## Provided material
- - - - -
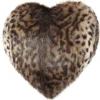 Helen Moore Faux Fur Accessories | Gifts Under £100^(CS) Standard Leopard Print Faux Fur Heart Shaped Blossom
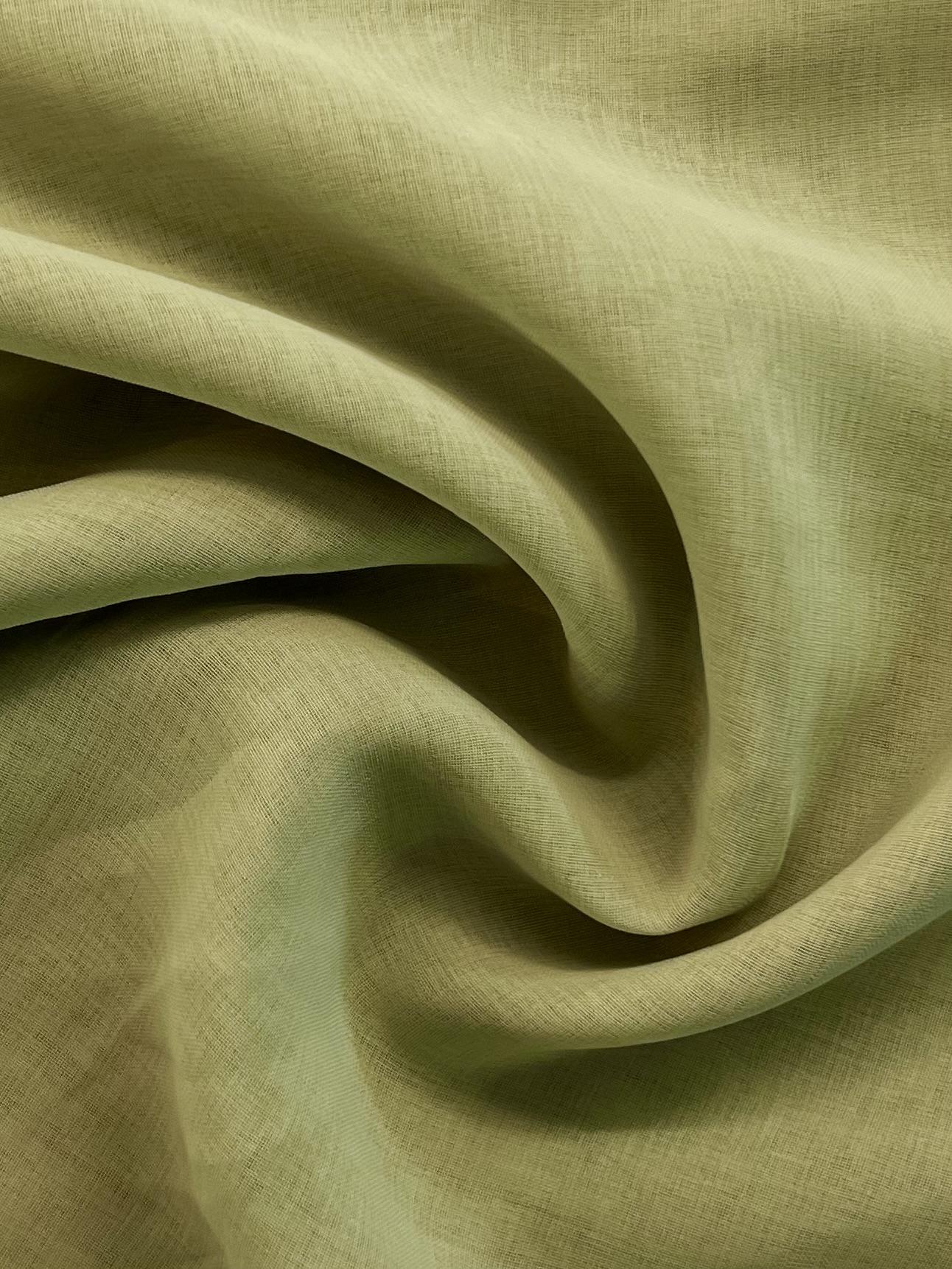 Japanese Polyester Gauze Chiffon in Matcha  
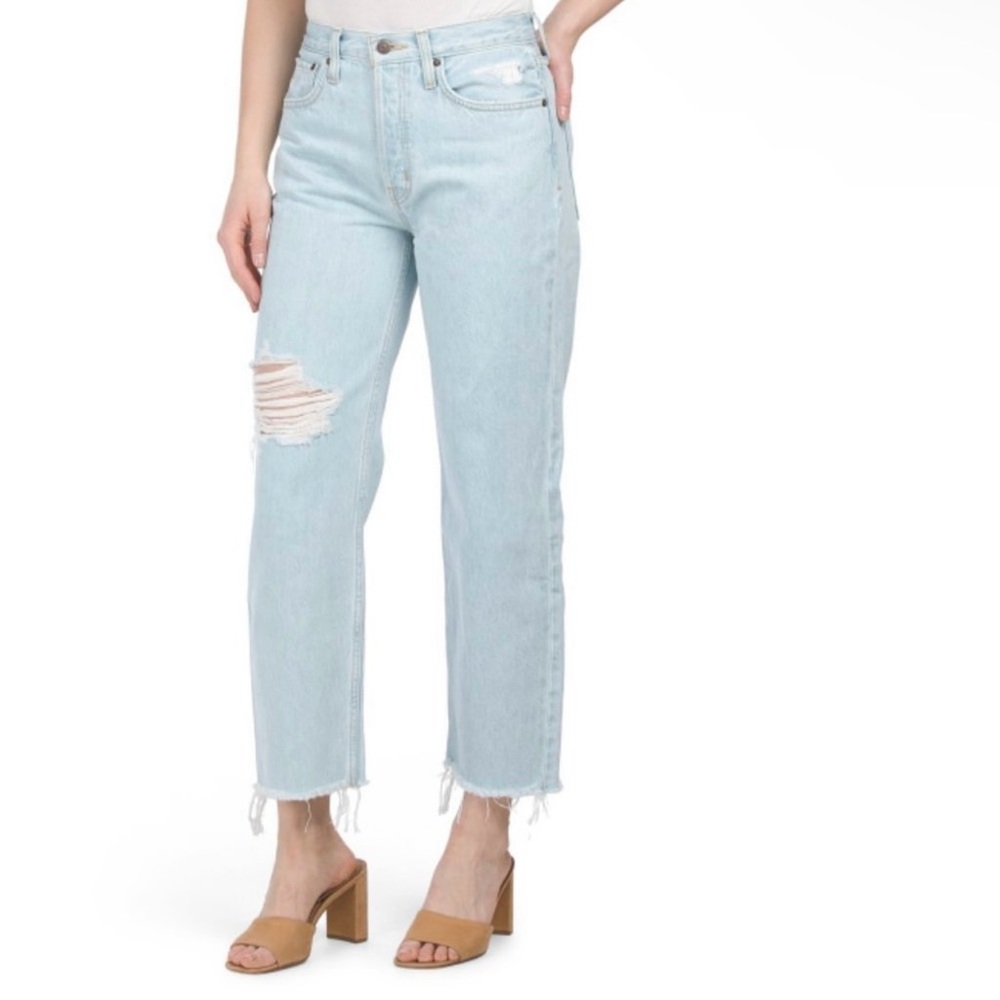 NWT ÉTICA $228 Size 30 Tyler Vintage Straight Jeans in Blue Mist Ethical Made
- - - - -
## About this task
Each line of the material goes into your copy unchanged, but no picture does.

## Answer to this problem
 Helen Moore Faux Fur Accessories | Gifts Under £100^(CS) Standard Leopard Print Faux Fur Heart Shaped Blossom
 Japanese Polyester Gauze Chiffon in Matcha  
 NWT ÉTICA $228 Size 30 Tyler Vintage Straight Jeans in Blue Mist Ethical Made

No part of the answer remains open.